### Exercise objective
Go through the entries below and write each one out exactly.

### Working data
##############################

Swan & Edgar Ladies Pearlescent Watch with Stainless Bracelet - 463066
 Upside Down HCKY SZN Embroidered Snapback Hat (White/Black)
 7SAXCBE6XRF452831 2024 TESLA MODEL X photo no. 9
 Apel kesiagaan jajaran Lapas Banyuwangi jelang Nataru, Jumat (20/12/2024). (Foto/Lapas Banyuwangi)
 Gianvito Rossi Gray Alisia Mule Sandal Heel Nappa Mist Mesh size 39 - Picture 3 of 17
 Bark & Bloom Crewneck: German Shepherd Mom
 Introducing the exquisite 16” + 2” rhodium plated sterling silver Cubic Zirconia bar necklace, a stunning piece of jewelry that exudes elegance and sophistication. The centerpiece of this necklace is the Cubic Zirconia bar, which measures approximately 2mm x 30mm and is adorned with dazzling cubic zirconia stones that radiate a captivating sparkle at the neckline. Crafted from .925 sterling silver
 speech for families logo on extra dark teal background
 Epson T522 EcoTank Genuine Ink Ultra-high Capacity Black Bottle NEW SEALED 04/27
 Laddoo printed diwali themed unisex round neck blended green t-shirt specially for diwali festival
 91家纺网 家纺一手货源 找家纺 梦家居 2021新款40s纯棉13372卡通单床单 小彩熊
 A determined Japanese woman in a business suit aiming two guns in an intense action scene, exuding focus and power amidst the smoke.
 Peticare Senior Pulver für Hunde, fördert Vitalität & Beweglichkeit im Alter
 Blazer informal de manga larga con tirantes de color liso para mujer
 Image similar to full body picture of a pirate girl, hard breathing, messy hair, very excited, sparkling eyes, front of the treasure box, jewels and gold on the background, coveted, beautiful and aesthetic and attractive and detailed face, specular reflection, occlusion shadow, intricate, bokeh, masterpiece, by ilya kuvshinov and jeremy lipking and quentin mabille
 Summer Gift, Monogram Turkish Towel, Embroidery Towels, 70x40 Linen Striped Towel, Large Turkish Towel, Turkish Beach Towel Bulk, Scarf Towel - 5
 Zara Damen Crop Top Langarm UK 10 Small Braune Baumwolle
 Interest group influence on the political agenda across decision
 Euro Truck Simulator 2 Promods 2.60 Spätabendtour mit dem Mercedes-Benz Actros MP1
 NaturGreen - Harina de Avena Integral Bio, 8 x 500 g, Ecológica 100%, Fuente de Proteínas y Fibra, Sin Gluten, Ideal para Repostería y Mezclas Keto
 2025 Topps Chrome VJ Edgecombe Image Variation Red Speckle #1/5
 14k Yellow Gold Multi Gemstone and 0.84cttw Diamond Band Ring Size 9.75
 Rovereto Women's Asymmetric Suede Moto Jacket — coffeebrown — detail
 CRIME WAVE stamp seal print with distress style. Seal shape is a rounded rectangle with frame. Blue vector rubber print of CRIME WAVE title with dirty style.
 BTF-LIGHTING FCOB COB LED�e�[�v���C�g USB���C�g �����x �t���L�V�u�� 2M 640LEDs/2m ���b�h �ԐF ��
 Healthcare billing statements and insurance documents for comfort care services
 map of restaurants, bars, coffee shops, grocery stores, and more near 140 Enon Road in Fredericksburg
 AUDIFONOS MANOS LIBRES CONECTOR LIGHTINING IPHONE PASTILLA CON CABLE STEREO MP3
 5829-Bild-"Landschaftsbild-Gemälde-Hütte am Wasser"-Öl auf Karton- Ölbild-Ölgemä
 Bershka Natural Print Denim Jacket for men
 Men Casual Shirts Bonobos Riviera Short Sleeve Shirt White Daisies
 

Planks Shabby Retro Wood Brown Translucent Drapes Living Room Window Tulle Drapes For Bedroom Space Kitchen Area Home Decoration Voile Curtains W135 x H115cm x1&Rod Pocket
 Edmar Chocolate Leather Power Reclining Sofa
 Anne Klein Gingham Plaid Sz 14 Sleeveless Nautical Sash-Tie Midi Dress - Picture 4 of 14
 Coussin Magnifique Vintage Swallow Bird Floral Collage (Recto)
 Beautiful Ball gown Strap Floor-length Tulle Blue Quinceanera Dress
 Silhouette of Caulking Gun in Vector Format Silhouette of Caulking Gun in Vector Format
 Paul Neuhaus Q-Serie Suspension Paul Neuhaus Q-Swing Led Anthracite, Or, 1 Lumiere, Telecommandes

##############################

### Answer section
Swan & Edgar Ladies Pearlescent Watch with Stainless Bracelet - 463066
 Upside Down HCKY SZN Embroidered Snapback Hat (White/Black)
 7SAXCBE6XRF452831 2024 TESLA MODEL X photo no. 9
 Apel kesiagaan jajaran Lapas Banyuwangi jelang Nataru, Jumat (20/12/2024). (Foto/Lapas Banyuwangi)
 Gianvito Rossi Gray Alisia Mule Sandal Heel Nappa Mist Mesh size 39 - Picture 3 of 17
 Bark & Bloom Crewneck: German Shepherd Mom
 Introducing the exquisite 16” + 2” rhodium plated sterling silver Cubic Zirconia bar necklace, a stunning piece of jewelry that exudes elegance and sophistication. The centerpiece of this necklace is the Cubic Zirconia bar, which measures approximately 2mm x 30mm and is adorned with dazzling cubic zirconia stones that radiate a captivating sparkle at the neckline. Crafted from .925 sterling silver
 speech for families logo on extra dark teal background
 Epson T522 EcoTank Genuine Ink Ultra-high Capacity Black Bottle NEW SEALED 04/27
 Laddoo printed diwali themed unisex round neck blended green t-shirt specially for diwali festival
 91家纺网 家纺一手货源 找家纺 梦家居 2021新款40s纯棉13372卡通单床单 小彩熊
 A determined Japanese woman in a business suit aiming two guns in an intense action scene, exuding focus and power amidst the smoke.
 Peticare Senior Pulver für Hunde, fördert Vitalität & Beweglichkeit im Alter
 Blazer informal de manga larga con tirantes de color liso para mujer
 Image similar to full body picture of a pirate girl, hard breathing, messy hair, very excited, sparkling eyes, front of the treasure box, jewels and gold on the background, coveted, beautiful and aesthetic and attractive and detailed face, specular reflection, occlusion shadow, intricate, bokeh, masterpiece, by ilya kuvshinov and jeremy lipking and quentin mabille
 Summer Gift, Monogram Turkish Towel, Embroidery Towels, 70x40 Linen Striped Towel, Large Turkish Towel, Turkish Beach Towel Bulk, Scarf Towel - 5
 Zara Damen Crop Top Langarm UK 10 Small Braune Baumwolle
 Interest group influence on the political agenda across decision
 Euro Truck Simulator 2 Promods 2.60 Spätabendtour mit dem Mercedes-Benz Actros MP1
 NaturGreen - Harina de Avena Integral Bio, 8 x 500 g, Ecológica 100%, Fuente de Proteínas y Fibra, Sin Gluten, Ideal para Repostería y Mezclas Keto
 2025 Topps Chrome VJ Edgecombe Image Variation Red Speckle #1/5
 14k Yellow Gold Multi Gemstone and 0.84cttw Diamond Band Ring Size 9.75
 Rovereto Women's Asymmetric Suede Moto Jacket — coffeebrown — detail
 CRIME WAVE stamp seal print with distress style. Seal shape is a rounded rectangle with frame. Blue vector rubber print of CRIME WAVE title with dirty style.
 BTF-LIGHTING FCOB COB LED�e�[�v���C�g USB���C�g �����x �t���L�V�u�� 2M 640LEDs/2m ���b�h �ԐF ��
 Healthcare billing statements and insurance documents for comfort care services
 map of restaurants, bars, coffee shops, grocery stores, and more near 140 Enon Road in Fredericksburg
 AUDIFONOS MANOS LIBRES CONECTOR LIGHTINING IPHONE PASTILLA CON CABLE STEREO MP3
 5829-Bild-"Landschaftsbild-Gemälde-Hütte am Wasser"-Öl auf Karton- Ölbild-Ölgemä
 Bershka Natural Print Denim Jacket for men
 Men Casual Shirts Bonobos Riviera Short Sleeve Shirt White Daisies
 

Planks Shabby Retro Wood Brown Translucent Drapes Living Room Window Tulle Drapes For Bedroom Space Kitchen Area Home Decoration Voile Curtains W135 x H115cm x1&Rod Pocket
 Edmar Chocolate Leather Power Reclining Sofa
 Anne Klein Gingham Plaid Sz 14 Sleeveless Nautical Sash-Tie Midi Dress - Picture 4 of 14
 Coussin Magnifique Vintage Swallow Bird Floral Collage (Recto)
 Beautiful Ball gown Strap Floor-length Tulle Blue Quinceanera Dress
 Silhouette of Caulking Gun in Vector Format Silhouette of Caulking Gun in Vector Format
 Paul Neuhaus Q-Serie Suspension Paul Neuhaus Q-Swing Led Anthracite, Or, 1 Lumiere, Telecommandes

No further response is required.